Monday, June 20, 2011

Code Switching

This next post is going to be something a little bit different than usual. It will be a blog about blogging. Weaksauce, some might say. But some hurdles were cleared in order to make this post, and the end result is going to mean a more visually appealing blog. At least, that's my hope.

Today, (as some of you already know) I posted a preliminary test blog. I wanted to see if I could post through e-mail. Blogger, or Blogspot (I just realized that I'm not really sure what it's called), has a setting that allows bloggers to post by e-mailing their blog to a secret address. Ooooh, it's a seeecret.

But the test results were sub-par. The post was full of line breaks, so it looked jagged and unpleasant to read. Clueless as to the cause, I consulted that glorious modern day oracle, the one called "Google" to tell me the reason for those distracting line breaks, and how I can get rid of them.

As it happens, the Oracle was wise about what causes the breaks. The reason is Google itself. In the plain text e-mail editor, Gmail imposes a 78-character limit on lines of text. Apparently this has to do with downward compatibility with older e-mail clients. Not too sure, not too concerned. Like a tire with a hole, I just want a fix.
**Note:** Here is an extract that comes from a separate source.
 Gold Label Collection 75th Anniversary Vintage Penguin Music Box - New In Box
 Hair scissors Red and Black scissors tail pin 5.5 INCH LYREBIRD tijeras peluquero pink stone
The seemingly obvious solution is to use Gmail's rich-text editor, which has no character-limit line breaks. But (isn't there always a catch?) the reason I want to post through e-mail are for those times when my only access to the internet is through my phone. And since Google and Apple don't play well together, my phone has no rich-text support. In other words, the Oracle is telling me to go fly a kite.

Somewhere in the back of my mind there's the voice of this computer guy I knew at Vandy-land telling me, there is a way there is a way there is a way. Uuuusssse the coooode, Luuuukeee.

Actually, he would probably have used less of a Star Wars allusion and more of a Street Fighter reference. But I digress. If I could figure out how to send an e-mail in HTML, I thought the code would bypass the character limit. I found an app that would do the trick and sent a test run to my e-mail account. Eureka! It worked! So I leveled my X-wing fighter, switched off my targeting computer, put my finger on the trigger, and unloaded two HTML torpedoes down the exhaust port of this internet/iPhone frak-up and... dragon punched that beeyatch in the chinny-chin-chin. (Star Wars, Street Fighter, and the Three Little Pigs--I promise, folks, I'll get back to Vietnam with tomorrow's post).

Anyway, voilà, no more line breaks. However, this was not the first of my trials and errors with coding. For the first couple of posts, I used the native picture uploader in Blogger. But I was really unsatisfied with it. Blogger is way behind the ball on design functionality, and there was no way to my knowledge that I could slap a caption on a photo and have them both nested in a paragraph. I figured out an alternate way by setting up my design template with a CSS code (whatever that is). And voilà, I have captions under my pictures nested in the paragraphs. Better yet, I can make the pictures hyperlinked to anything I choose.

But like the Lernaean hydra, computers have a way of spawning two new problems for each solution. I just realized I'm running into browser issues with Internet Explorer. The pages load perfectly on the Chrome browser. But IE is being a royal pain. The captions are halfway or completely missing, the tables have borders, and the title element encroaches on the leading image. If you're running IE, I apologise. I still have to tweak with the code to make it look right. If you're surfing with Safari, Firefox, a mobile browser, or some other program, I hope Riffing Indochina is showing up right. Or at least readable. If you're on Chrome, well, it'll look right until it doesn't. I think Yogi Berra said that.

As a matter of fact, I'm still hoping this post sans line breaks works as well. If it does, than the next step is to figure out how to attach a photo to an HTML e-mail. And if I figure out how to do that, my techie friend's voice in my head will gurgle, code is strong with this one.